Information shown:
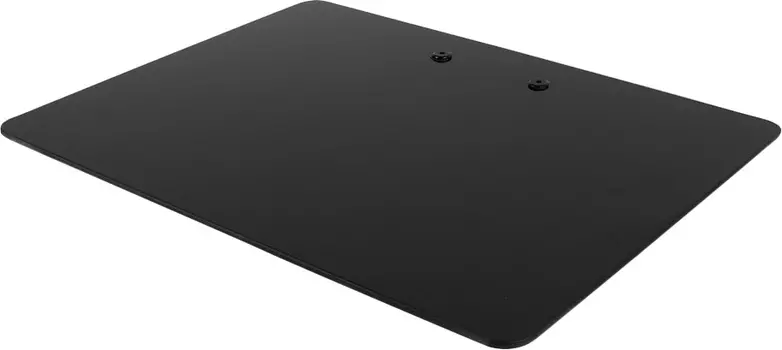 Кронштейн-подставка Kromax для DVD и AV систем MINI-MONO черный макс.8кг настенный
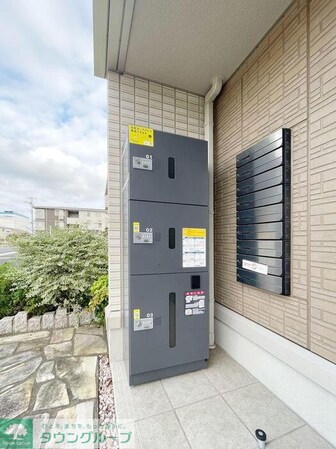 ロイジェントパークスレイクタウン III Mの物件内観写真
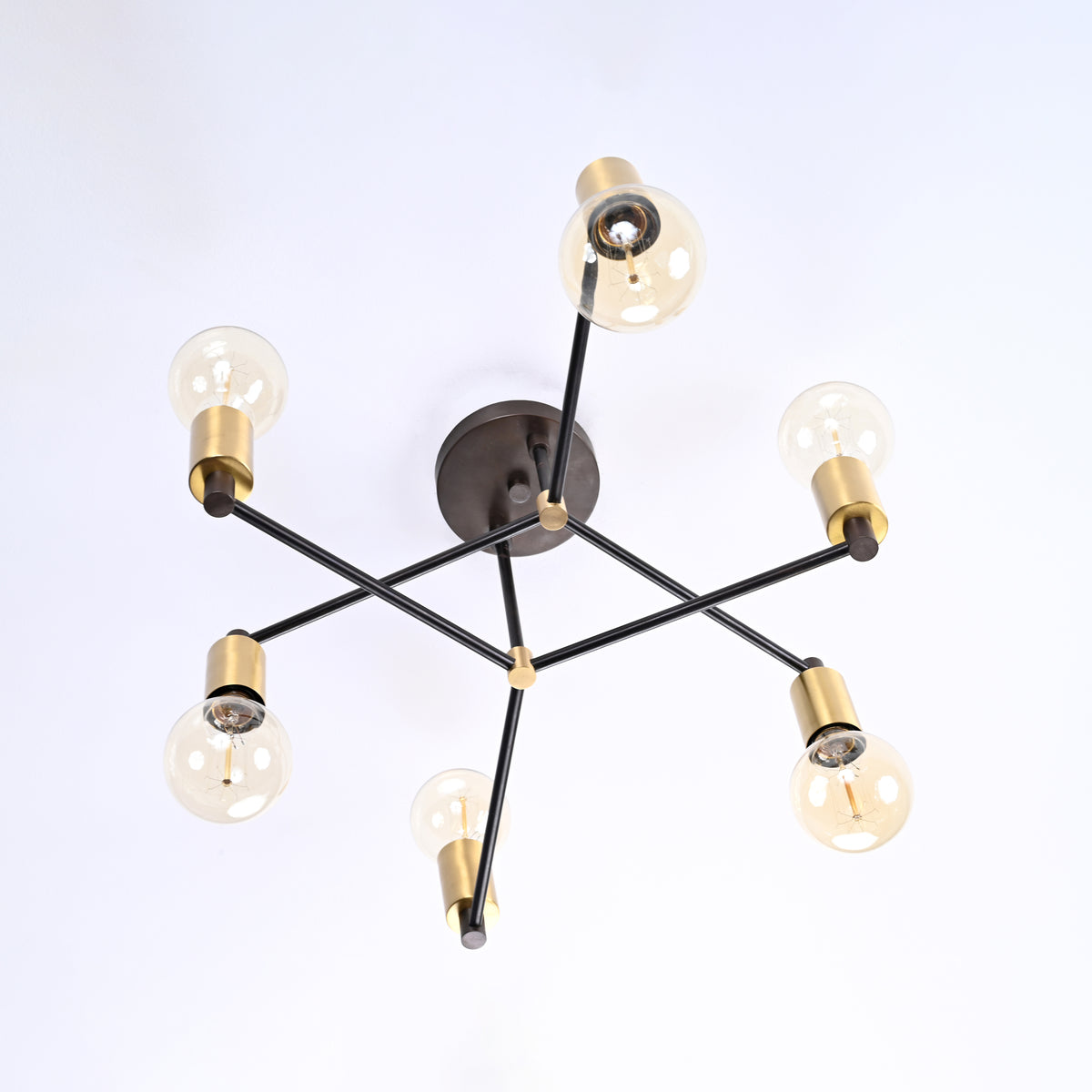 Rome Beacon - Pendant Chandelier - 6 Lights - 32208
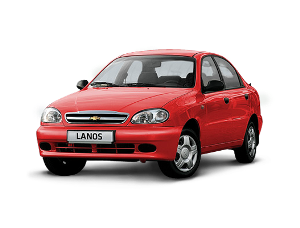 Chevrolet Lanos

Exercise prompt: Return each line of the data, keeping its wording exact and omitting pictures.

Completed exercise:
 Кронштейн-подставка Kromax для DVD и AV систем MINI-MONO черный макс.8кг настенный
 ロイジェントパークスレイクタウン III Mの物件内観写真
 Rome Beacon - Pendant Chandelier - 6 Lights - 32208
 Chevrolet Lanos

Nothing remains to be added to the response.